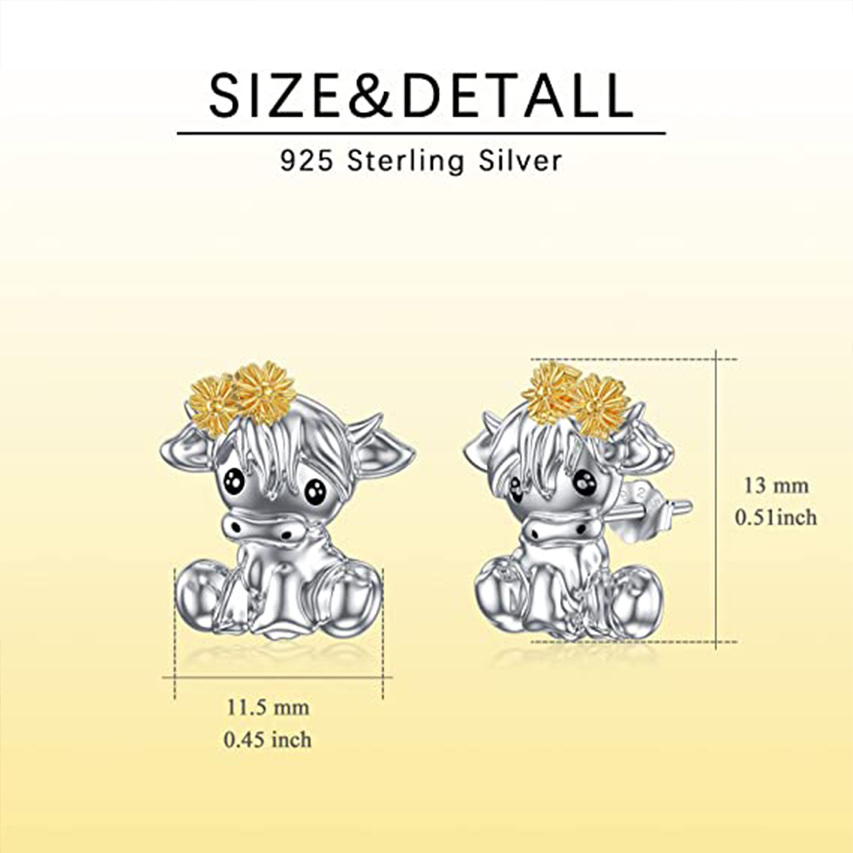 Sterling Silver Two-tone Highland Cow with Flower Stud Earrings-6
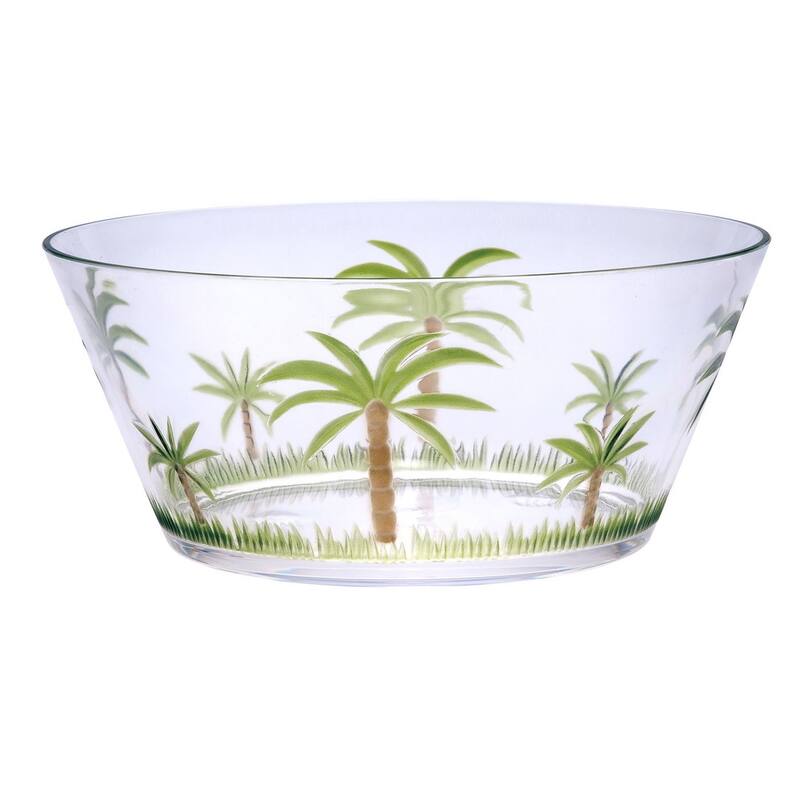 Palm Tree Acrylic Serving Bowls, Unbreakable Large Plastic Bowls, Soup Bowls, Salad Bowls, Cereal Bowl for Snacks, BPA Free - Clear
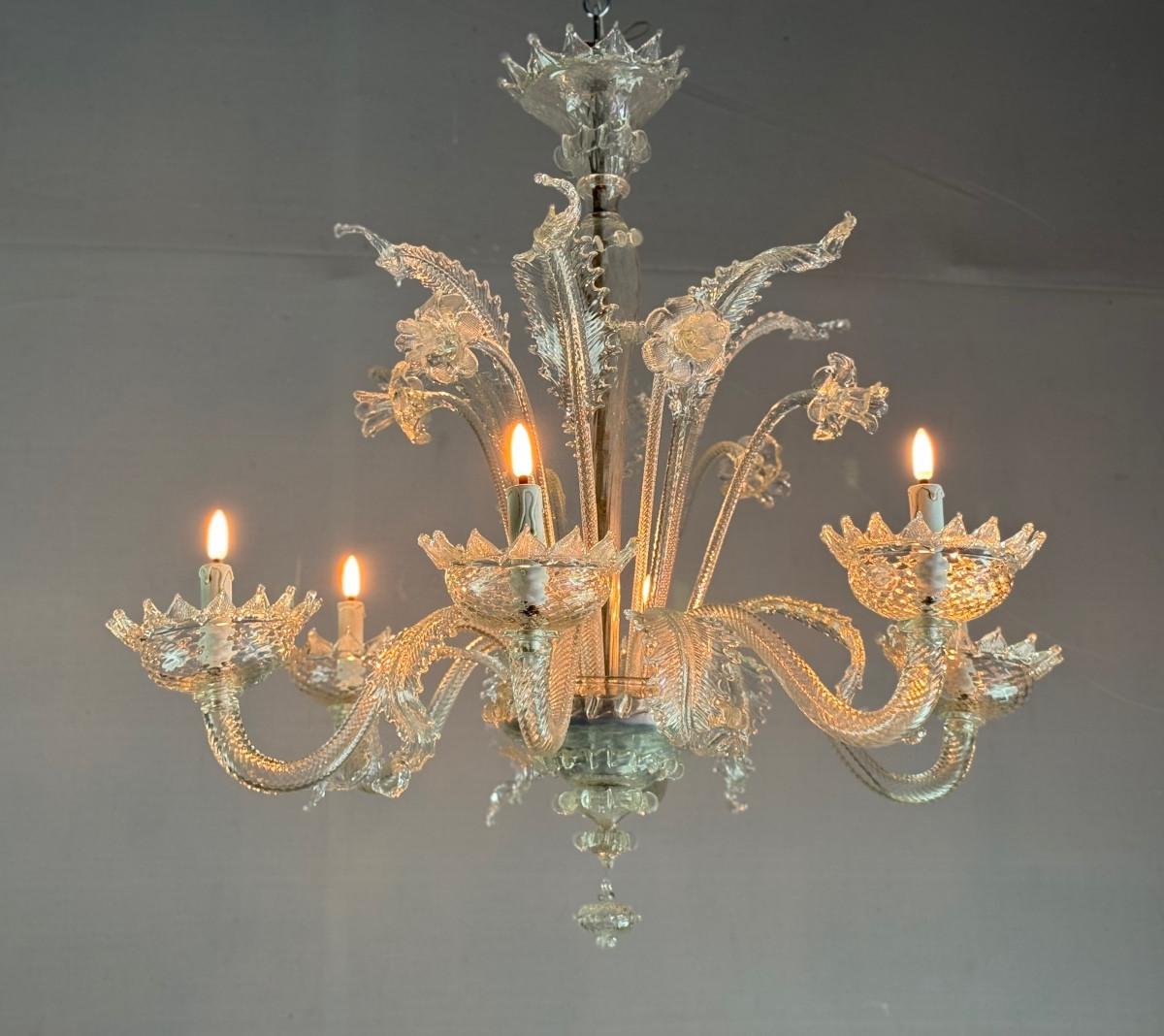 Lustre vénitien en verre de Murano incolore, 6 Lights Circa 1930 en vente 5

_ _ _ _ _

### [DIRECTIONS FOR THIS TASK]
Write the listing out exactly, word for word, but omit the pictures.

### [ANSWER TO THIS TASK]
 Sterling Silver Two-tone Highland Cow with Flower Stud Earrings-6
 Palm Tree Acrylic Serving Bowls, Unbreakable Large Plastic Bowls, Soup Bowls, Salad Bowls, Cereal Bowl for Snacks, BPA Free - Clear
 Lustre vénitien en verre de Murano incolore, 6 Lights Circa 1930 en vente 5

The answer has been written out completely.